The New York Times brought me to tears this morning, which doesn’t happen very often. I haven’t even been skimming it lately, to tell the truth. Aside from being busy, I haven’t felt the need to read one more article on AIG. But the murder of three police officers in two different incidents at the hands of an IRA faction sent me to the Times and this opinion piece by David Park, which describes how people in Northern Ireland reacted to the possibility of resumed violence:
Across towns and cities people of all traditions assembled to protest in dignified but powerful silence. There was a constant reiteration that what had been achieved could not now be lost, that a peace process, for all its problems, could not be usurped and subverted by the gun.
Park goes on to describe the united condemnation of politicians who a decade or two ago were sworn enemies.

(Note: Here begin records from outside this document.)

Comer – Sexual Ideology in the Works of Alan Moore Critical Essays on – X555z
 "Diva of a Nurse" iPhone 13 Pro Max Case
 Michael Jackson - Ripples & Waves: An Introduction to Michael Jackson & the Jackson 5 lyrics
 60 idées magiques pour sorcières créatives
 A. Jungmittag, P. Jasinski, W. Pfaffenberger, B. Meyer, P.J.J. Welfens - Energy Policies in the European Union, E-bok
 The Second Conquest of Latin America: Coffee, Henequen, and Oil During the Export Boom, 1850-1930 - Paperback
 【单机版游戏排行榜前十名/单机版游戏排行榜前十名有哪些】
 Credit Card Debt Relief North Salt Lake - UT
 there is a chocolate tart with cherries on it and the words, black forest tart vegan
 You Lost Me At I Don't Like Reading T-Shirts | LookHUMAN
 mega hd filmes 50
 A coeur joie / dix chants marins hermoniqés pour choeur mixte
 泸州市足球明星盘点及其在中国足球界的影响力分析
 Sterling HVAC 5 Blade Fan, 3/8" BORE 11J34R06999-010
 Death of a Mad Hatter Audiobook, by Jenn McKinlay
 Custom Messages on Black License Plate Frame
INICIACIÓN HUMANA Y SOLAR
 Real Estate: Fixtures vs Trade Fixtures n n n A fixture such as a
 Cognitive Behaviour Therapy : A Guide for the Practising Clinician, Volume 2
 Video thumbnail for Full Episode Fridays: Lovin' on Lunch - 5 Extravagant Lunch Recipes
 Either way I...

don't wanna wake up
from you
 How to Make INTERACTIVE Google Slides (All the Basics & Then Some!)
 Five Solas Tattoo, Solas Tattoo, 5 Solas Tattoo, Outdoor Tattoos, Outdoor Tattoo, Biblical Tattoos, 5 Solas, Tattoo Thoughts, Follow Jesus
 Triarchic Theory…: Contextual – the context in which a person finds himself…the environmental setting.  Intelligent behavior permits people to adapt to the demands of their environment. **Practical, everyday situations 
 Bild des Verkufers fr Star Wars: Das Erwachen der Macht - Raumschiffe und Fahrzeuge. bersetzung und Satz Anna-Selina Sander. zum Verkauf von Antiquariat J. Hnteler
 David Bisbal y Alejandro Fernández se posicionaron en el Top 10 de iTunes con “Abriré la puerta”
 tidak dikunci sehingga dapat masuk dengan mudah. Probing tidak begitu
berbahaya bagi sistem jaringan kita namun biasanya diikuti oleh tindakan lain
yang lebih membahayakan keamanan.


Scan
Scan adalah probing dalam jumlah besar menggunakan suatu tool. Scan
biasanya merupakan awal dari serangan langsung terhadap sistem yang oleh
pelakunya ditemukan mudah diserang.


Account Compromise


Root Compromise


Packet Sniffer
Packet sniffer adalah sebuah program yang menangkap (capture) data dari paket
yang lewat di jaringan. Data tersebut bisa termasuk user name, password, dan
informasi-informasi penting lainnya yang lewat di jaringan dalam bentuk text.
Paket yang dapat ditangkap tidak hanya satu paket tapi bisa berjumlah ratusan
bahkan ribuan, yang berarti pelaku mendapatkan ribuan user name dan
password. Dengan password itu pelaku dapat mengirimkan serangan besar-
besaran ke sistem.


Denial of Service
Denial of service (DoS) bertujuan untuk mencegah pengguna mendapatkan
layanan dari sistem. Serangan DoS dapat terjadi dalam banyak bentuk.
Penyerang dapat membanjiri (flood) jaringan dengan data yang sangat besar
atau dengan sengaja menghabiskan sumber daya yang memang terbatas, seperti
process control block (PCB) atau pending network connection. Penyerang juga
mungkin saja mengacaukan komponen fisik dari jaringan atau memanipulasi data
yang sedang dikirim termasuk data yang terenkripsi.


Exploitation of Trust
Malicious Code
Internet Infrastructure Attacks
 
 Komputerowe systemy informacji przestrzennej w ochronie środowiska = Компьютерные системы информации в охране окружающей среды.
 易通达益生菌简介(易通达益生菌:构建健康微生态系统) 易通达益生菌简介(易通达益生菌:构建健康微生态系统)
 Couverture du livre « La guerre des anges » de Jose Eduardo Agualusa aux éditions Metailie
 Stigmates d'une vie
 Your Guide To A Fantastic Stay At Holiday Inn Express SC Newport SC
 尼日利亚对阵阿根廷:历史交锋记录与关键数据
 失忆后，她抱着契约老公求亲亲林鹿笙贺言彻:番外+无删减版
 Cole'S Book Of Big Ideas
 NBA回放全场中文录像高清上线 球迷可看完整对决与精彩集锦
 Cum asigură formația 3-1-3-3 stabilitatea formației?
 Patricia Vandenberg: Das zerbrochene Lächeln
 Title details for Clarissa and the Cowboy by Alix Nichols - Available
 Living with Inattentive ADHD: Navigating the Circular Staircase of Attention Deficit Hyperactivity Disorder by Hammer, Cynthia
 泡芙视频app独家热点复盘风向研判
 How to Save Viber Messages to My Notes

When I visited Belfast in 1982, British soldiers patrolled the Falls, the Catholic neighborhood that was lined with pro-IRA graffiti and sentiment. You could feel the tension—the fear of the young soldiers and the fear and resentment of the few people on the streets. I had gone with a friend from my study abroad program in Dublin, another American of Irish Catholic ancestry. We both had a prurient desire to see “the Troubles” ourselves. We walked up the Falls Road, past the soldiers and the graffiti until we reached a place where we could cut over to Shankill, the Protestant neighborhood that ran parallel to the Falls. Shankill was noticeably more affluent and less tense, despite the cross streets that ended in barbed wire, guarding the no man’s land that separated them from the Falls. When the British army moved into Northern Ireland in 1969 it was supposedly to protect the Catholics from the Protestants, but by 1982, it seemed to be the other way around. The Falls was under siege. I have no trouble understanding why people wouldn’t want to go back.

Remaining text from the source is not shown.